The indictments charge the brokers arranged in advance to lose money to each other, then those who profited on the transactions gave 80 percent of the money back to the losers.
The fradulent transactions were set up in the cotton, crude oil and liquified petroleum gas (LPG) futures markets, according to the indictments. lFutures contracts for all three commodities are traded on the New York Cotton Exchange.
Cotton Exchange officials yesterday declined to comment on the indictments.
One of those indicted, Frederick J. Dickson, 60, of Middletown, N.J., was identified by authorities as a member of the exchange's board of directors. w
Four others are on the board of managers of Petroleum Associates of the New York Cotton Exchange, a subsidiary of the Cotton Exchange that operates the crude oil and LPG futures market.
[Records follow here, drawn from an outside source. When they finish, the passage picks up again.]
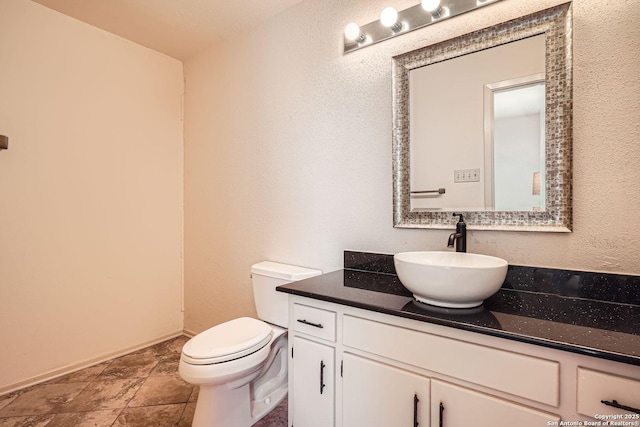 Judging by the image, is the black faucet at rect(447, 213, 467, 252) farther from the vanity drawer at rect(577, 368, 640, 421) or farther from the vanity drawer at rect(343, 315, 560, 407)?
the vanity drawer at rect(577, 368, 640, 421)

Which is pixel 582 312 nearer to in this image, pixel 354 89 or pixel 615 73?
pixel 615 73

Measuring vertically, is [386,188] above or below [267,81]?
below

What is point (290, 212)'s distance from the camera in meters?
2.06

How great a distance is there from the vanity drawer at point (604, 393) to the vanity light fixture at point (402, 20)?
146 cm

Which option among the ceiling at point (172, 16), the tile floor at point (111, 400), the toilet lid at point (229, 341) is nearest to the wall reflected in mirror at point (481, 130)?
the toilet lid at point (229, 341)

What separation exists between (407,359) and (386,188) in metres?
0.88

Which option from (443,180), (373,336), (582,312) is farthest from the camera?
(443,180)

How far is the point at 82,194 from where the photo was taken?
2205 millimetres

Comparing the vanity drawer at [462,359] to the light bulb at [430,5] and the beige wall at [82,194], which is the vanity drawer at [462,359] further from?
the beige wall at [82,194]

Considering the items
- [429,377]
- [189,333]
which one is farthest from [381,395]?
[189,333]

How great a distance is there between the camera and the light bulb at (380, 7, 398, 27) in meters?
1.55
Along with the indictments, federal authorities disclosed that a former Cotton Exchange board member, Benjamin F. Tipton, secretly pleaded guilty to a misdemeanor tax-evasion charge last February. In a guilty plea that was sealed at the request of prosecutors, Tipton admitted Dickson helped him arrange a phony $5,000 tax deduction in 1974.
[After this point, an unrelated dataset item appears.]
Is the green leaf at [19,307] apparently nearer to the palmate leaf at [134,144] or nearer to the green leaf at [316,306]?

Dickson, a vice president of Dan River Cotton Co. -- one of the nation's biggest producers of cotton fabrics, sheets and towels -- reportedly is cooperating with federal investigators.
U.S. Attorney John S. Martin Jr. said a federal grand jury is continuing to investigate tax-evasion schemes "on New York commodities markets" in cooperation with the Internal Revenue Service and the Commodity Futures Trading Commission.
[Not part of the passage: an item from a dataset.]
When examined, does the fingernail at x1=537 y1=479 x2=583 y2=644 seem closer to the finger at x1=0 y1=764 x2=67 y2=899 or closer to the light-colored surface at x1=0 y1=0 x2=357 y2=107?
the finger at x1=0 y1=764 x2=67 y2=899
The probers reportedly are looking into not only the Cotton Exchange but also three other New York-based futures markets which share facilities in the World Trade Center with the Cotton Exchange. The other markets are the Commodity Exchange Inc., the New York Mercantile Exchange and the New York Cocoa, Coffee and Sugar Exchange.
Yesterday's 11 indictments were the second batch of federal charges filed for alleged tax evasion by Cotton Exchange traders. In April 1978 a grand jury indicted nine brokers for allegedly arranging artificial lose in crude oil futures.
The latest indictments charge the 11 brokers were part of a conspiracy that began on Sept. 10, 1974 -- the day the Cotton Exchange began trading crude oil futures.
Futures contracts are agreements to buy and sell a commodity for delivery at some future date. Futures contracts are used mainly by consumers and producers of commodities to protect themselves against unexpected changes in prices.
In recent years, however, futures market transactions have been used widely by wealthy Americans to avoid paying federal income taxes. The best-known commodity tax avoidance scheme is called "the silver butterfly" and involves simultaneously buying and selling silver futures contracts. The "butterfly" creates an artificial tax loss that can be deducted from this year's income and an identical profit that will be taxed next year at a lower rate. In effect, it can cut a wealthy taxpayer's income tax rate from 70 percent to 28 percent and delay payment of taxes for a year or more.
The Internal Revenue Service has refused to allow taxpayers to claim deductions for deliberate commodity futures losses, but the IRS ruling has been challenged in court and no final decision has been made. A bill was introduced in the last Congress to change the tax law to close what the sponsors claim is a $3-billion-a-year loophole.
If the IRS wins the case, now pending in U.S. Tax Court, thousands of taxpayers will be forced to pay the government millions of dollars in taxes. The IRS, however, has not accused users of "butterfly" transactions of criminal tax evasion.
Yesterday's indictment accused the New York Cotton Exhcange brokers of going beyond the use of a legal loophole to avoid taxes and violating several federal laws in an effort to cut their tax payments. The grand jury accused the professional commodity traders of conspiring to manipulate trading and create "fradulent" losses to hide profits they had made on other deals.
Cotton Exchange Board member Dickson, the indictments charge, set up a loss of $155,000 in 1976 that enabled him to avoid paying more than $100,000 in taxes. Nine other brokers were accused of evading smaller amounts of taxes and of helping the others arrange their own losses.